Microglia Show Distinct Behavior in Individuals at High Risk for Alcohol Use Disorder

Rutgers Health researchers have uncovered significant differences in how brain immune cells respond to alcohol exposure in individuals with high genetic risk for alcohol use disorder (AUD) compared to those with low risk. This research, published in Science Advances, provides new insights into the biological mechanisms underlying AUD susceptibility.

The study, led by Zhiping Pang, transformed blood cells from high-risk and low-risk individuals into microglia, a type of brain immune cell. When exposed to alcohol levels mimicking those in the blood after drinking, the microglia from high-risk individuals showed markedly increased activity compared to those from low-risk individuals.

Xindi Li, the study's lead author, noted that the highly active cells engaged in more "synaptic pruning"—removing connections between neurons. This increased pruning activity could have long-term implications. "After many years of drinking, people with these genetics may have a greater risk of dementia because the microglia pruned so many more connections," Li said. "Their overactivity could make neurons less functional."

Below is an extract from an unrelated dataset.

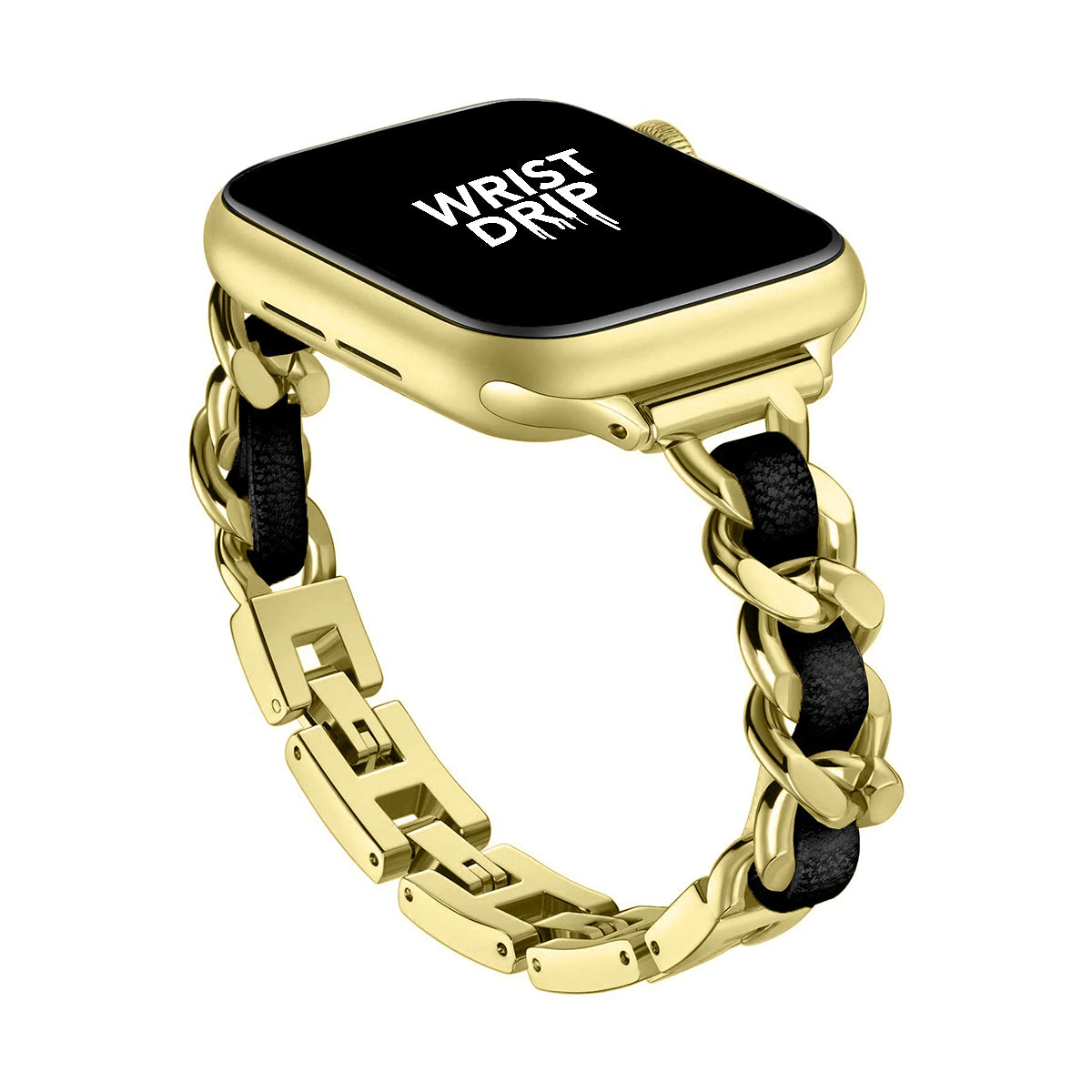 Gold and black women’s stainless steel Apple Watch band – elegant, stylish design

While this study focused on a single type of brain cell in a simplified environment, the team is developing more sophisticated models for future research. “We're going from the cell cultures in a 2D situation to the brain organoids," Pang said. "So we can study something more like a mini brain-structure, to understand how the cells interact with alcohol, and then to see how the genetic risk factors play a role in that response."

The findings suggest potential for personalized treatments for AUD based on genetic variations. However, the researchers emphasized that considerable work remains to translate these cellular findings into clinical applications.